Daryl C. W. O'Shea a écrit :
> 
> I'm not being a "std crusader".  I'm simply pointing out that someone
> going there own way shouldn't expect everyone to accept their way,
> especially when there's an established majority going the other way.
> 
> Just because a mail is "standards compliant" doesn't mean that we can't
> use statistical methods to decide if it may or may not be spam.
> 

agreeed, but

> "break the standards be tagging std complaint mail" has to be the
> funniest thing I've heard all day.  Both standards complaint and
> non-complaint mail can be spam.  Would you rather we decide all
> standards complaint mail is ham?  That seems rather nonsensical to me.
> 

except that most rules are written by people who looked at some spam
then decided to derive rules to catch it. These people are in the same
situation as those who write mail software. both should be blamed when
they take wrong decisions.


> The reality, though, is that a greater proportion of non-complaint mail
> is spam than the proportion of complaint mail.
> 

sure. but then we'll need to revisit a lot of rules...

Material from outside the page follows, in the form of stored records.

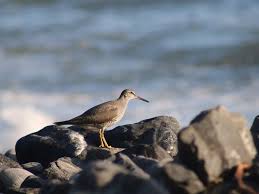 Image result for Tragiella natalensis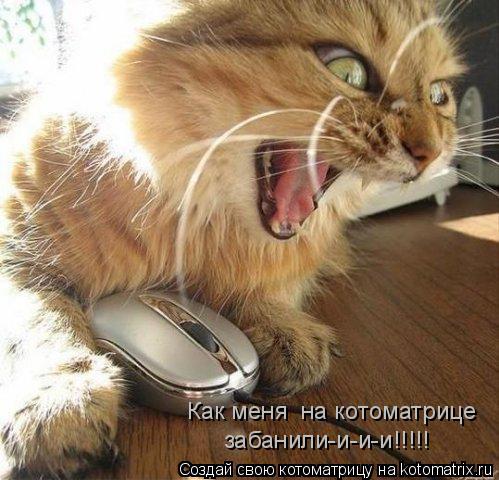 Котоматрица: Как меня  на котоматрице забанили-и-и-и!!!!!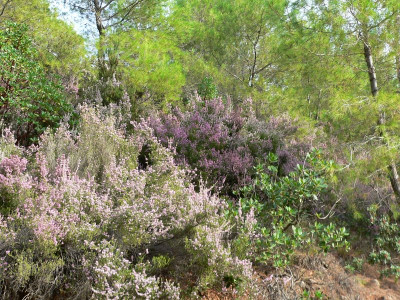 Blühende Heide.jpg
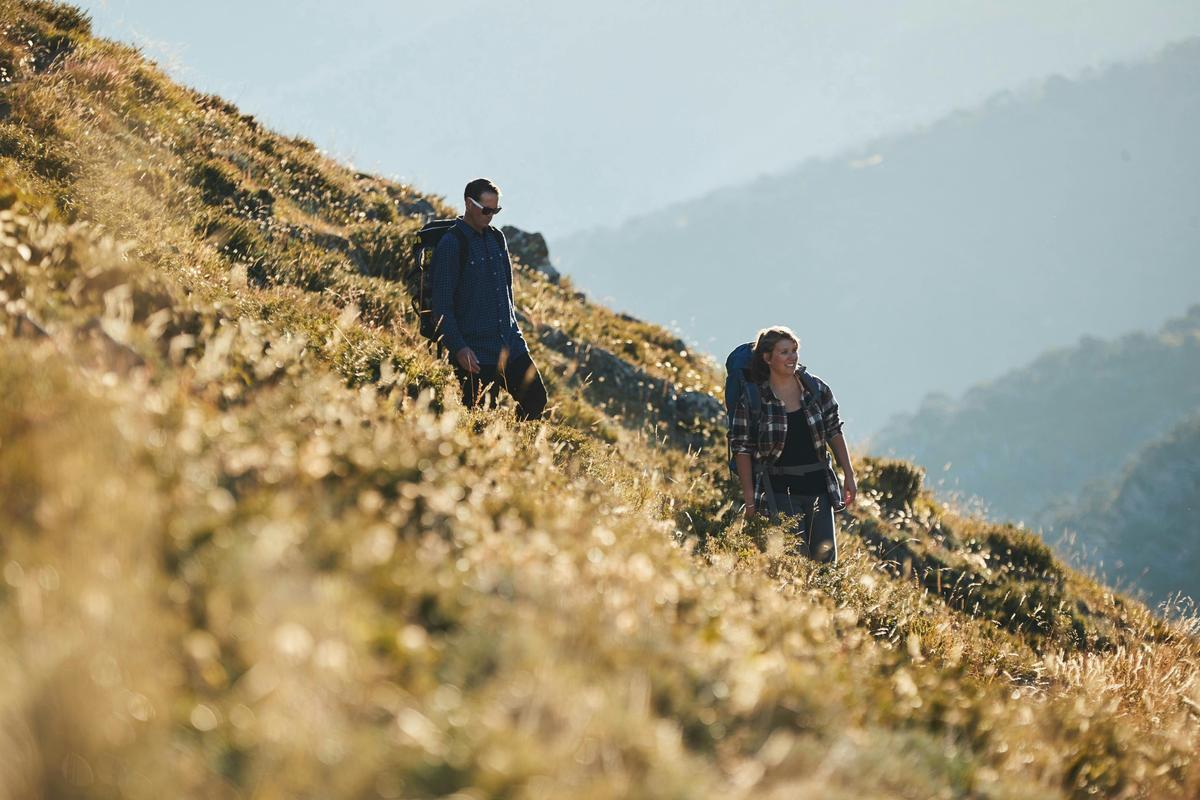 Falls to Hotham views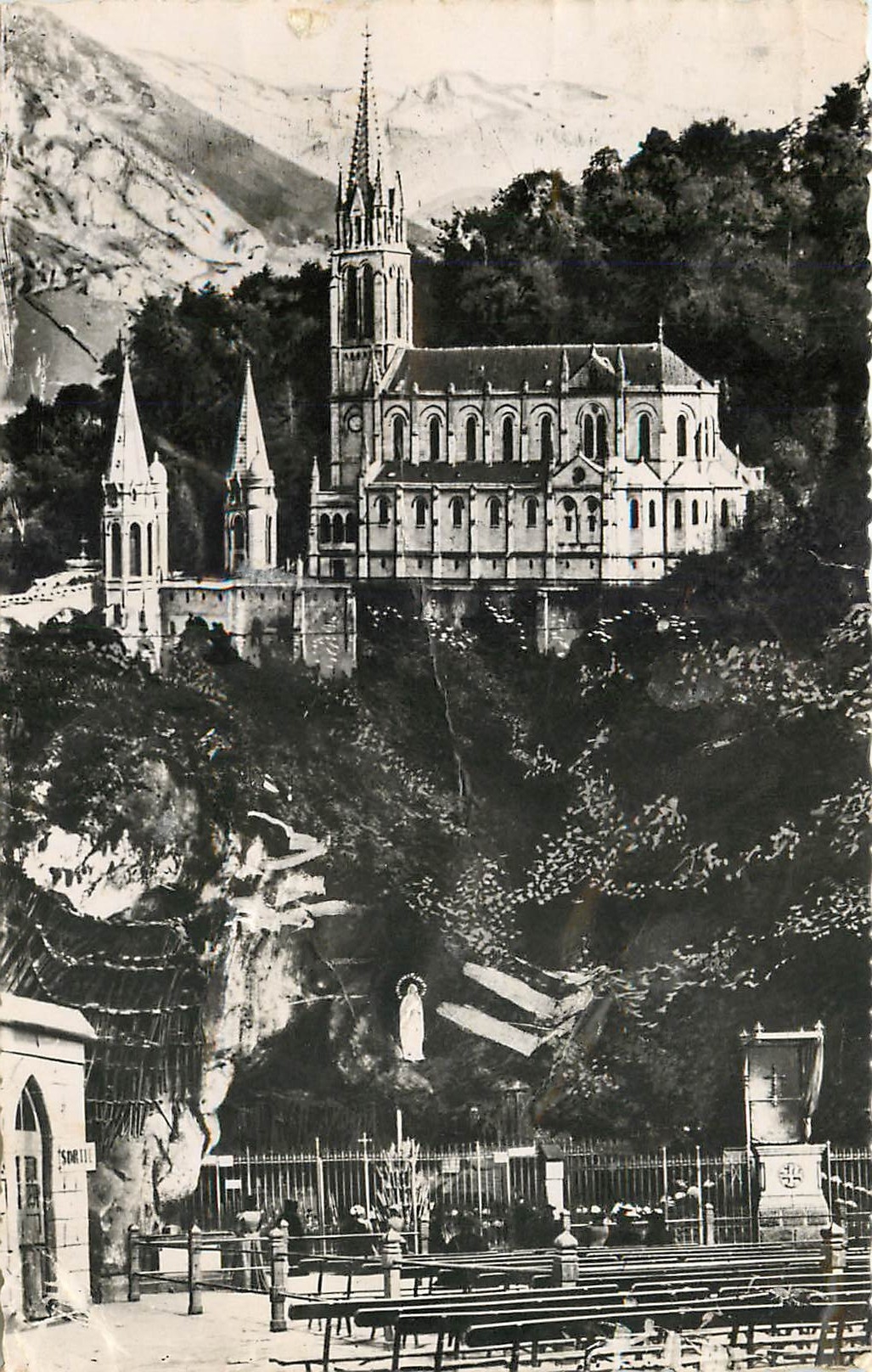 CPA Lourdes La Grottes et la Basilique 
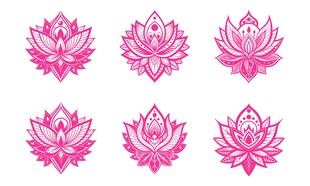 粉色莲花套装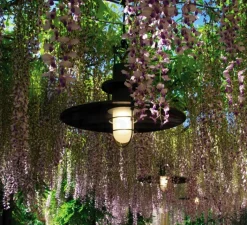 Suspension*Martinelli Luce Suspension, Polo, , LED, Ø48cm, H40cm - anthracite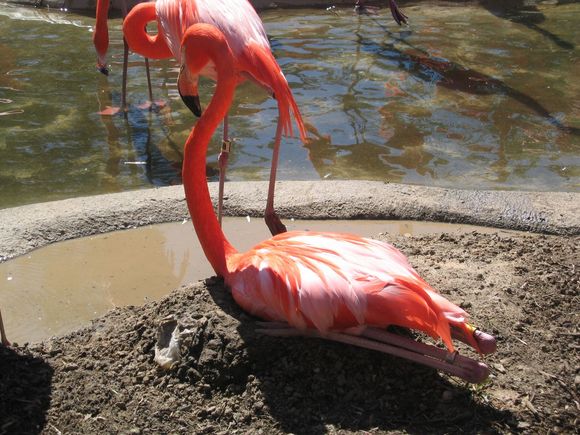 Zoo Trip 001.jpg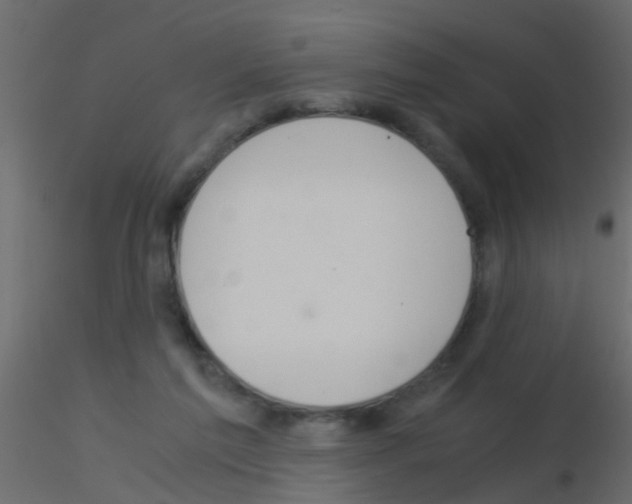 X0000115820213200912241942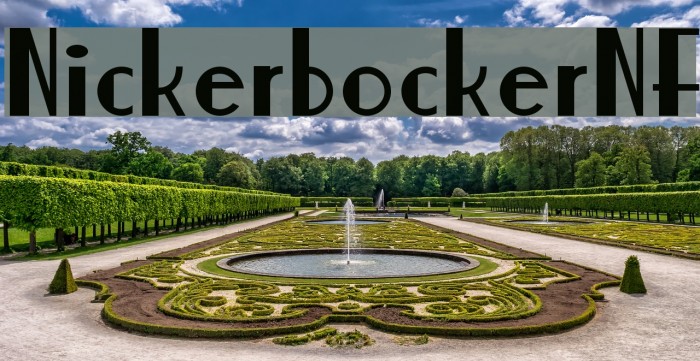 NickerbockerNF Example 2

> The notion that "statistics are no excuse for rejecting/tagging mail" is
> even more worrisome.  Statistics are the basis for rejecting/tagging
> mail and any other non-trivial activity in life.
> 

I disagree. that's only true for "neutral" stats. if your stats are
derived from an interpretation of the rules, you're constructing a
filter to enforce these rules. and the fact that such a rule gets a
score from a mass check brings nothing useful for "us".

> 
>> I lately saw an FP with RCVD illegal IP, because of a 127.0.0.80 IP.
>> while this rarely used, it's not illegal. so the rule is just bogus IMHO.
> 
> 
> 50_scores.cf:score RCVD_ILLEGAL_IP 1.585 0.234 1.813 0.288
> 
> With a set 3 score of 0.288, I'd say this isn't a big hitter anyway.
> 

That's enough to move a ham to the spam zone.


>> sub check_for_illegal_ip {
>>   my ($self) = @_;
>>
>>   foreach my $rcvd ( @{$self->{relays_untrusted}} ) {
>>     # (note this might miss some hits if the Received.pm skips any
>> invalid IPs)
>>     foreach my $check ( $rcvd->{ip}, $rcvd->{by} ) {
>>       return 1 if ($check =~ /^(?:
>>         (?:[01257]|22[3-9]|23[0-9]|24[0-9]|25[0-5])\.\d+\.\d+\.\d+|
>>         127\.[1-9]\.\d+\.\d+|
>>         127\.0\.[1-9]\.\d+|
>>         127\.0\.0\.(?:\d\d+|[2-9])
>>         )$/x);
>>     }
>>   }
>>   return 0;
>> }
> 

I don't think this code may have ever been derived by stats. do you?

> 
> Although, I do think that the check is a little weird.  It's completely
> valid (although not statistically common in the mass-check corpora) to
> have a non-routable IP in anything but that first untrusted relay.
> 

did anybody try to mass check a rule that looks if the last digit in an
IP is odd or even?

what I mean is that you can drive any classifier and it will give you
good looking results. you have a finite corpus.


> 
> The bottom line is, if the statistics generated based on the current
> score generation mass-check submitters don't meet your needs, you're
> always welcome to participate in future score generation mass-checks.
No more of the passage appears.